▶ **REQUIRED WORK**
Every line from the one with "Antique 1920s Pearl" through the final line of the data below goes in the answer, copied exactly. Pictures do not.
Content starts
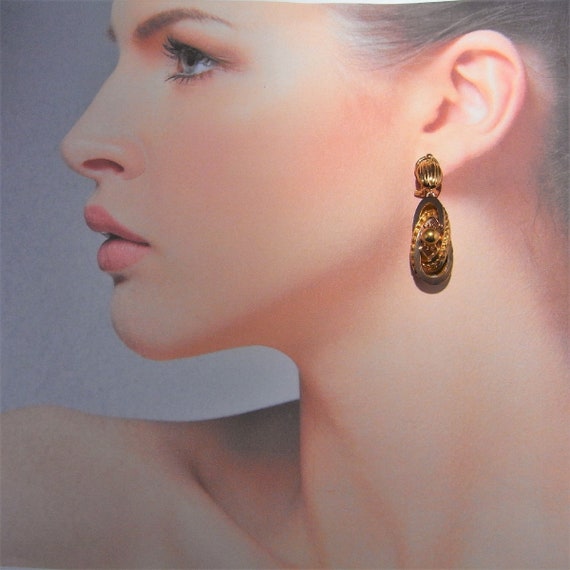 Antique Victorian Gold Drop Earrings 19th Century… - image 3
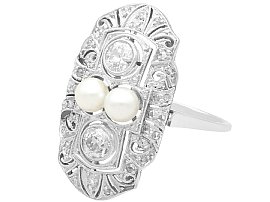 Antique 1920s Pearl Ring in White Gold for Sale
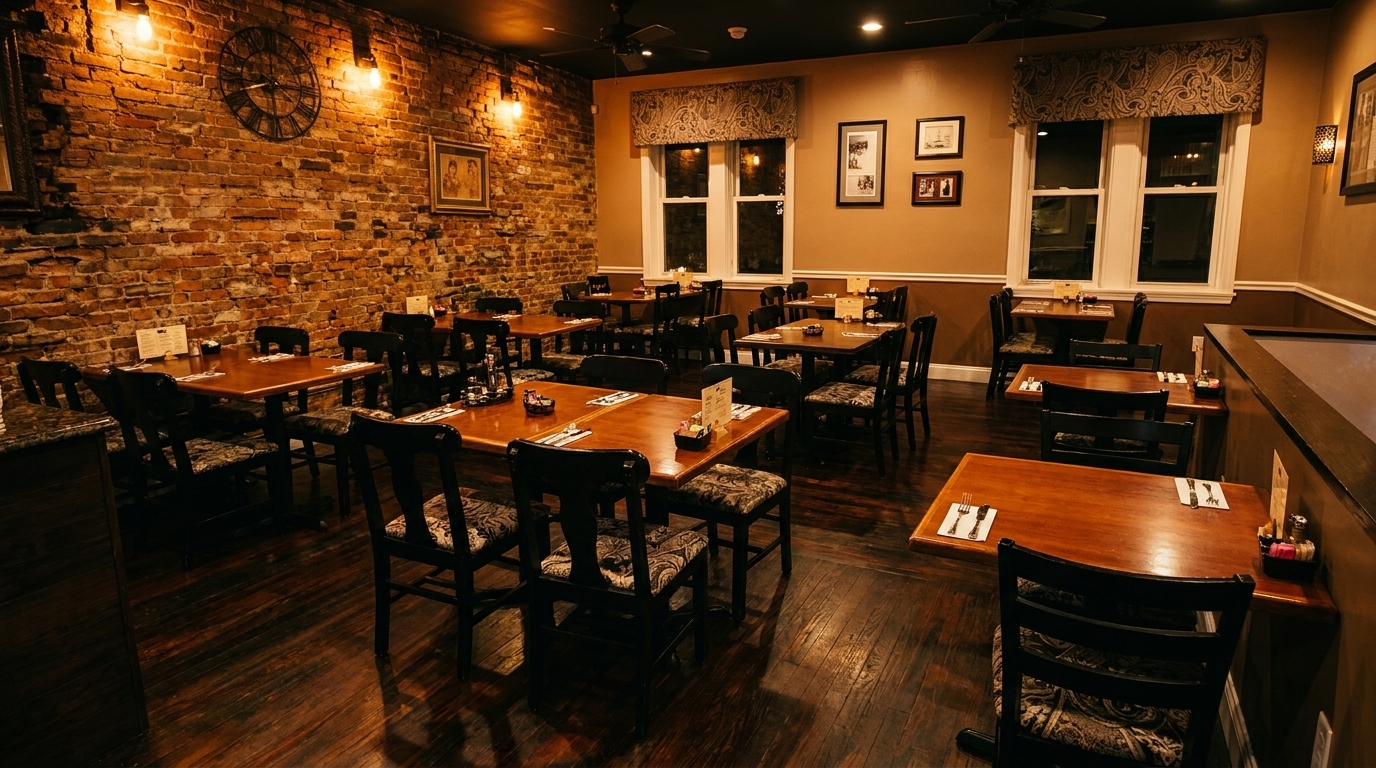Warmly lit restaurant dining room with wooden tables, dark chairs, exposed brick, and windows.
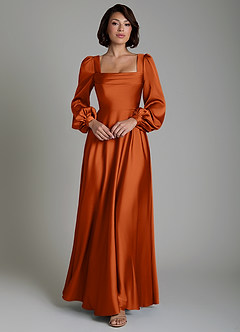 Azazie Solana Vestidos de damas de honor Vestido Naranja Quemada de Satén Elástico de Línea A con Manga larga image1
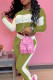 Army Green Fashion Casual Patchwork Basic Zipper Collar Long Sleeve Two Pieces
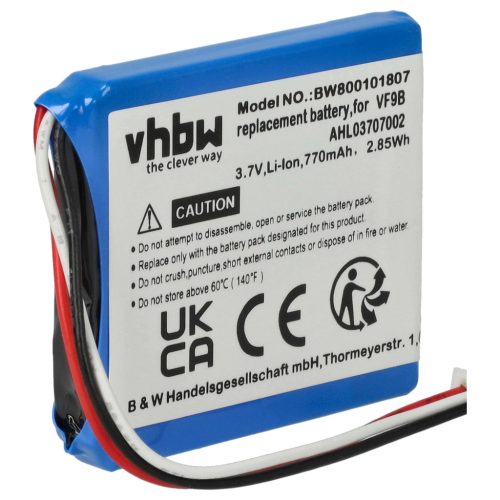 VHBW GPS Battery VF9B, AHL03706001, AHL03707002, VF9 - 770 mAh 3.7 V Li-Ion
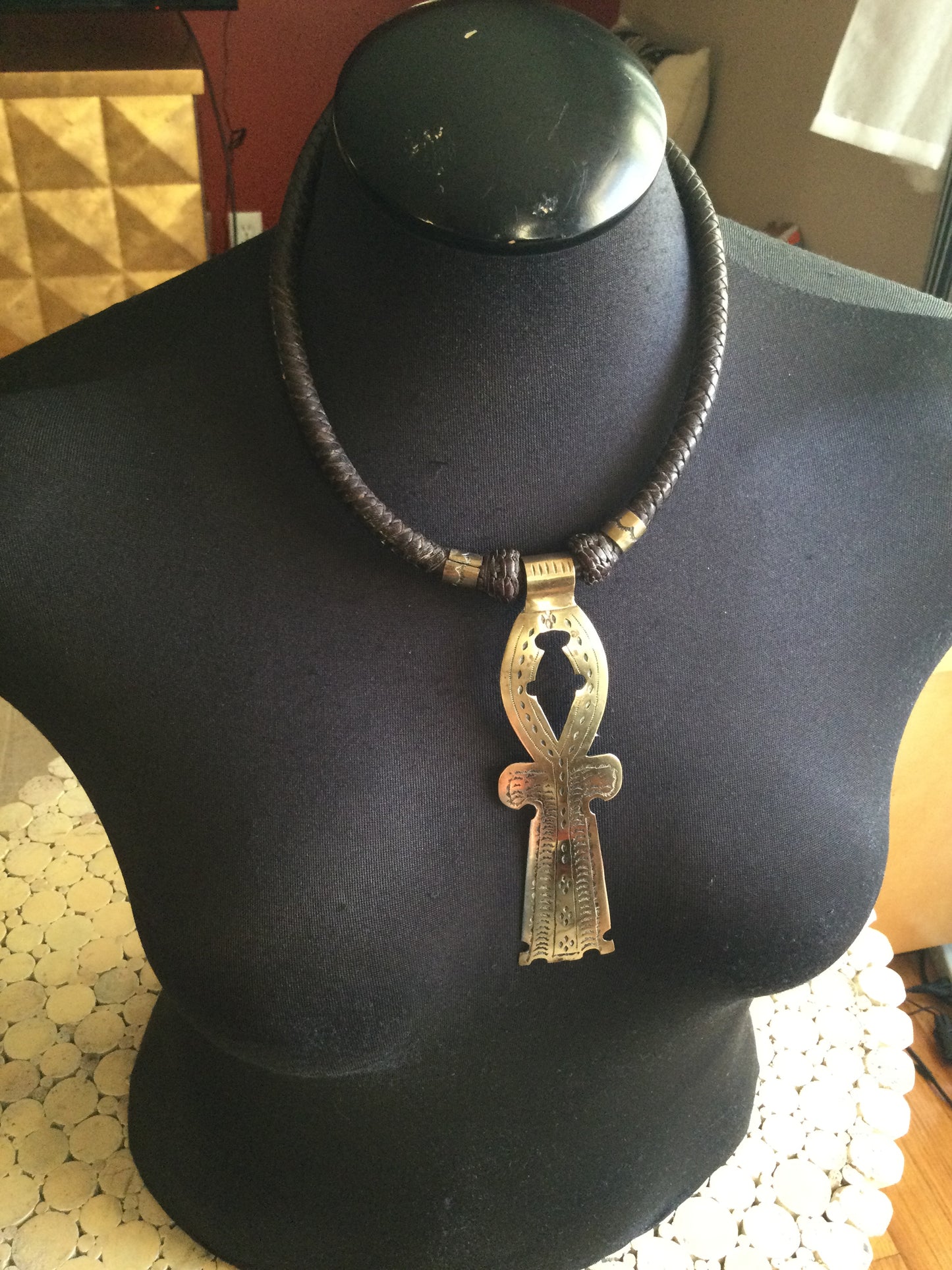 Braided leather Ankh necklace Handmade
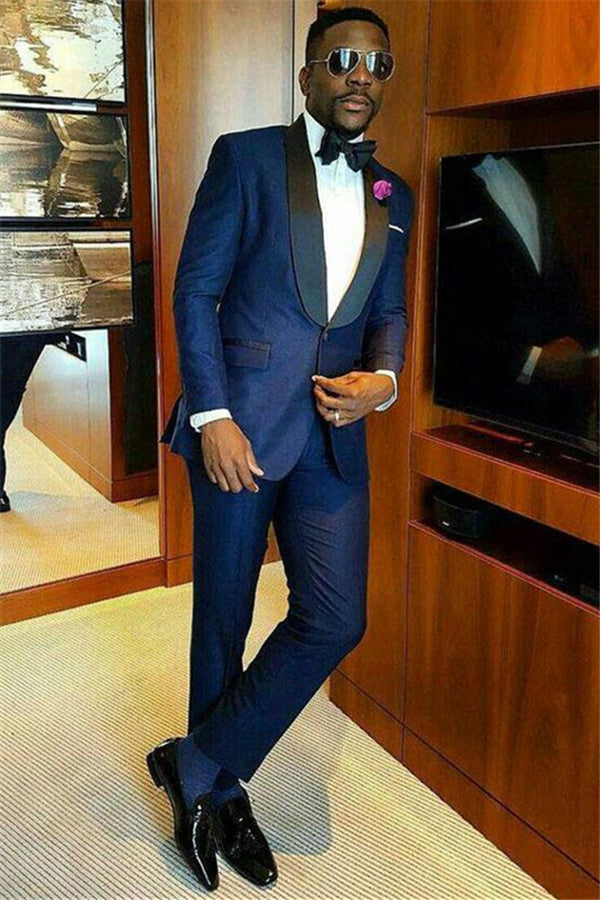 Newest Joshua Homecoming Prom Suit - Navy Blue Slim Fit with Shawl Lapel-BallBride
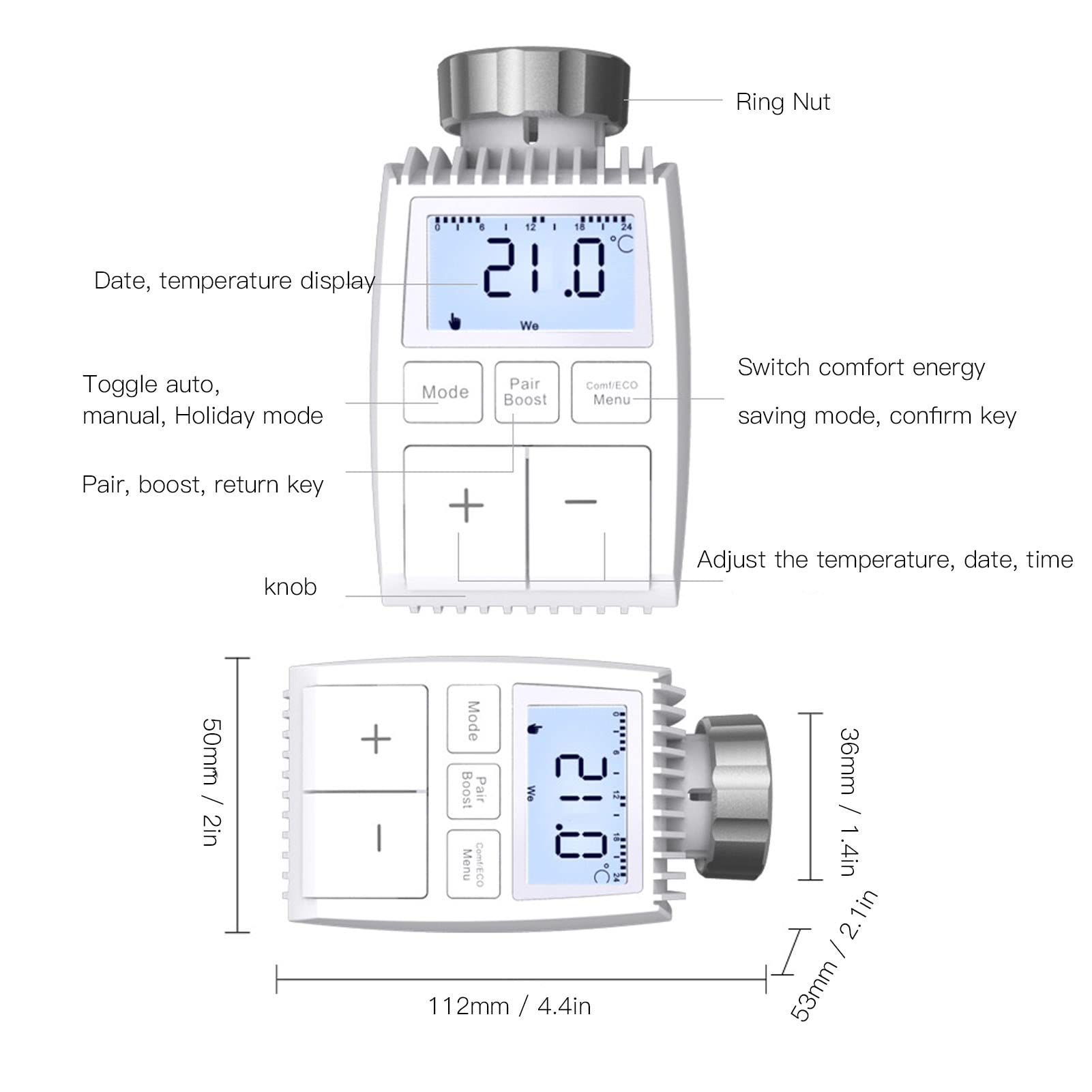 Termostato Radiador, Termostato WiFi, Cabezal Termostatico, Ahorra un 30% Gastos de Calefacción, Control App, Control Voz, 5 Modos Opcionales, Compatible con Home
Content ends
▶ **SOLUTION TO THE PROBLEM**
 Antique 1920s Pearl Ring in White Gold for Sale
Warmly lit restaurant dining room with wooden tables, dark chairs, exposed brick, and windows.
 Azazie Solana Vestidos de damas de honor Vestido Naranja Quemada de Satén Elástico de Línea A con Manga larga image1
 Army Green Fashion Casual Patchwork Basic Zipper Collar Long Sleeve Two Pieces
 VHBW GPS Battery VF9B, AHL03706001, AHL03707002, VF9 - 770 mAh 3.7 V Li-Ion
 Braided leather Ankh necklace Handmade
 Newest Joshua Homecoming Prom Suit - Navy Blue Slim Fit with Shawl Lapel-BallBride
 Termostato Radiador, Termostato WiFi, Cabezal Termostatico, Ahorra un 30% Gastos de Calefacción, Control App, Control Voz, 5 Modos Opcionales, Compatible con Home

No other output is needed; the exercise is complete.